Valdir Aguilera
 Físico e pesquisador

 

 

História do racionalismo - 05
Conceitos de racionalismo

José Alves Martins

Faculdade que distingue o homem dos outros animais

Respondendo a questionamento de leitores/companheiros de Doutrina, vamos introduzir nesta seqüência de artigos um parêntese para esclarecer que, assim como são diversas as correntes filosóficas, também variam muito os conceitos de racionalismo.

De fato, contrariamente ao empirismo, corrente filosófica que valoriza a experiência no processo do conhecimento, e ao fideísmo, que valoriza a revelação religiosa "ou divina", o racionalismo designa as variadas doutrinas que submetem exclusivamente à razão (o logos, como diziam os gregos) todas as formas de conhecimento. De acordo com essas doutrinas, ele se apresenta sob diversos aspectos, ora como visão do universo que afirma o perfeito acordo entre o racional e a realidade, ora como uma ética que afirma serem as ações e as sociedades humanas racionais em seu princípio, em sua conduta e em sua finalidade. Adiante, detalharemos esses conceitos.

Tomado, porém, em seu sentido mais amplo e comum, racionalismo é o ato de pensar, raciocinar, fazer uso da razão, faculdade que distingue o homem dos outros animais que lhe são inferiores na escala evolutiva.

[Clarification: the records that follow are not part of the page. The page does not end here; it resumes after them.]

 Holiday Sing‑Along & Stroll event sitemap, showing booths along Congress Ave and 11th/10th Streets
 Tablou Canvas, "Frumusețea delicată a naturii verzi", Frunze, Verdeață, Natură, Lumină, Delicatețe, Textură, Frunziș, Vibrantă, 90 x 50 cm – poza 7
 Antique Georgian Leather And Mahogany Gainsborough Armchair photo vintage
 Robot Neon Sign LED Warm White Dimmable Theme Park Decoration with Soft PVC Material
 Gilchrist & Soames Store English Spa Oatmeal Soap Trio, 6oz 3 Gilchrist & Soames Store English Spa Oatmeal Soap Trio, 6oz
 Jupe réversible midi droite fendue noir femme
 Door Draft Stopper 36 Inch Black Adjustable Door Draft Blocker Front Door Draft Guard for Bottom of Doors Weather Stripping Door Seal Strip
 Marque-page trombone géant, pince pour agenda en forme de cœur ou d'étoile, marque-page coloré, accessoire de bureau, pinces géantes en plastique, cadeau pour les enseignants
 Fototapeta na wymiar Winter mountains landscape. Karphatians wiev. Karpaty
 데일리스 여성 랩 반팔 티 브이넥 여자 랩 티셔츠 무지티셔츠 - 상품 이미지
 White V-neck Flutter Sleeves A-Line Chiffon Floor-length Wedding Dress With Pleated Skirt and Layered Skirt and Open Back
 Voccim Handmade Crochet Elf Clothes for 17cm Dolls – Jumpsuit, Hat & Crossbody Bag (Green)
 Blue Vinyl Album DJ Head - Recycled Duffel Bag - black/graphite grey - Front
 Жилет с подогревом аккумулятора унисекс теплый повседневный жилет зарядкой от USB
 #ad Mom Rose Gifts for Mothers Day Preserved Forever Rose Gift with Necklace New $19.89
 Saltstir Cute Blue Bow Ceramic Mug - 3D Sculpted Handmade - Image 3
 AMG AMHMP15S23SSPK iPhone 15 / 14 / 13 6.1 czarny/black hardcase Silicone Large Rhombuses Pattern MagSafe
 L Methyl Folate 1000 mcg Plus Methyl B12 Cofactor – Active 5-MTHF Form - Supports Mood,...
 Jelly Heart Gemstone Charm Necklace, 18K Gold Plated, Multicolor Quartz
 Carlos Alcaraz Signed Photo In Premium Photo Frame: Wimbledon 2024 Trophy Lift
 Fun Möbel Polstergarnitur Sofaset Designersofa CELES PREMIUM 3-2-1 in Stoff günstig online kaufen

Ainda em sentido lato, pode ser definido como a crença na razão e na evidência das demonstrações.

Do ponto de vista filosófico, eis os principais conceitos de racionalismo preconizados pelas diversas doutrinas:

• Método de observar as coisas baseado exclusivamente na razão, considerada como única autoridade quanto à maneira de pensar e agir e como fundamento de todo conhecimento possível; estabelece, desse modo, o primado dessa faculdade sobre o sentimento, a vontade e as demais faculdades humanas, uma vez que somente ela, a razão, é capaz de propiciar a adequada percepção e explicação da realidade.

• Doutrina que afirma nada existir que não tenha uma razão de ser, de tal modo que, de direito, nada existe que não seja inteligível.

• Teoria defendida pelo platonismo, o eleatismo e o cartesianismo (filosofia de Descartes) que se fundamenta na suposição de que a investigação da verdade feita sob a orientação do pensamento puro ultrapassaria, em muito, os dados imediatos oferecidos pelos sentidos e pela experiência, sendo estes dois últimos incapazes de nos proporcionar todos os conhecimentos; por outro lado, porém, o espírito possui, em potencial, os princípios da ciência e do saber em geral, como defendem Platão, em sua Teoria das Idéias, e Descartes, em sua tese do inatismo, ou das idéias inatas. Significa isso que o espírito é repositório de princípios ou conhecimentos a priori, ou seja, independentes da experiência e dos sentidos, e que todo conhecimento verdadeiro é manifestação desses princípios a priori, irrecusáveis e evidentes. Daí a conclusão kantiana de que, para a experiência ser possível, é preciso que o espírito disponha, realmente, de um sistema de princípios universais e necessários que organizem os dados empíricos (fornecidos pela experiência sensível).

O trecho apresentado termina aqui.